まずチケットの発券と入場についてです。地下ロビーには専用の自動チケット発券機が設置されており、本館に立ち寄ることなく予約チケットの発券が可能です。入場開始時間は通常上映の約10〜15分前となっており、ロビーのアナウンスとともに改札が始まります。ロビーの待合スペースはベンチの数が限られているため、あまり早く到着しすぎると立ち止まって待つことになる点に留意してください。
次にコンセッション(売店)の利用です。スクリーン12・13の専用ロビーにも売店は設置されていますが、本館の大型コンセッションに比べてメニューが一部限定されている場合があります。定番のポップコーンやドリンクは問題なく購入可能ですが、限定フードやコラボドリンクを狙う場合は、あらかじめ本館で購入してから持ち込むか、時間に余裕を持った行動が必要です。
最後にトイレの混雑問題です。特に約500人を収容するスクリーン12では、上映終了後に女子トイレを中心に長い待機列が発生します。幕間休憩のない作品では、入場開始直後のタイミングで地下ロビーのトイレをあらかじめ済ませておくのが賢明な防衛策となります。
【TOHOシネマズ日比谷 スクリーン12・13】に関するよくある質問(FAQ)
Q1:東京ミッドタウン日比谷の本館で購入したフードやドリンクは持ち込めますか?
A1:同じTOHOシネマズ日比谷の公式売店で購入した飲食物であれば、別館のスクリーン12・13へそのまま持ち込んで鑑賞することができます。
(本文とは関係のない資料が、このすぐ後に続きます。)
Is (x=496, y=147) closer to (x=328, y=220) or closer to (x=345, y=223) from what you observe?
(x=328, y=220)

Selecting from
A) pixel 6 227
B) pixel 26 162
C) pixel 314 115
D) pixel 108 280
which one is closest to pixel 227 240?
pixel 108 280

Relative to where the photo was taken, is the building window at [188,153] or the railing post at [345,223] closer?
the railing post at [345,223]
ただし、持ち運ぶ際は道路を渡るか地下通路を移動することになるため、ドリンクのこぼれや落下には十分注意してください。
Q2:別館のチケットは、本館(ミッドタウン側)の発券機でも発券できますか?
A2:可能です。本館4階の発券機でもスクリーン12・13の入場用QRコードや紙チケットを発券できます。ただし、本館で発券してから別館へ移動するとタイムロスになるため、基本的には東京宝塚ビル地下にある別館ロビーの発券機を利用する方が移動の手間を省けます。
Q3:スクリーン12・13のロビーへ車椅子やベビーカーで向かう場合のエレベーターはありますか?
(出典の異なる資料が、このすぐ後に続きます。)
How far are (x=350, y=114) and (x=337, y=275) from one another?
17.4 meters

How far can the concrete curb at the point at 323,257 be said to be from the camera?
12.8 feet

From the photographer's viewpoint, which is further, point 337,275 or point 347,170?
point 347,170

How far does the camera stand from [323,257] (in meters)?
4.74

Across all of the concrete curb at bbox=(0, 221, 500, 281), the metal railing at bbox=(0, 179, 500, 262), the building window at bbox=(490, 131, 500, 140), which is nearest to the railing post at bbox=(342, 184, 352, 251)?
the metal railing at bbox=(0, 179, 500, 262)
A3:東京宝塚ビルの地上エントランス付近に地下ロビー直通のエレベーターが設置されており、段差のないバリアフリールートでシアターへアクセスできます。車椅子席も各スクリーンに2席ずつ確保されています。
まとめ:事前把握でスマートに楽しむ日比谷の極上シネマ体験
TOHOシネマズ日比谷のスクリーン12・13は、「東京宝塚ビルの地下にある」という位置関係さえ把握しておけば、決して恐れるような場所ではありません。むしろ、旧スカラ座や旧みゆき座の気品ある劇場文化を今に伝えるクラシックな趣と、最新のシネマコンプレックスとしての快適性が同居する特別な空間です。
「日比谷シャンテ側の地下から入る」「開演15分前には東京宝塚ビルに到着しておく」という2つのポイントを守るだけで、余計な焦りを感じることなく映画の世界へ没頭できます。歴史ある大スクリーンの迫力と洗練された街の空気を、ゆとりを持って味わってみてください。 (出典: toho シネマズ 日比谷 スクリーン 12 13(Yahoo!ニュース))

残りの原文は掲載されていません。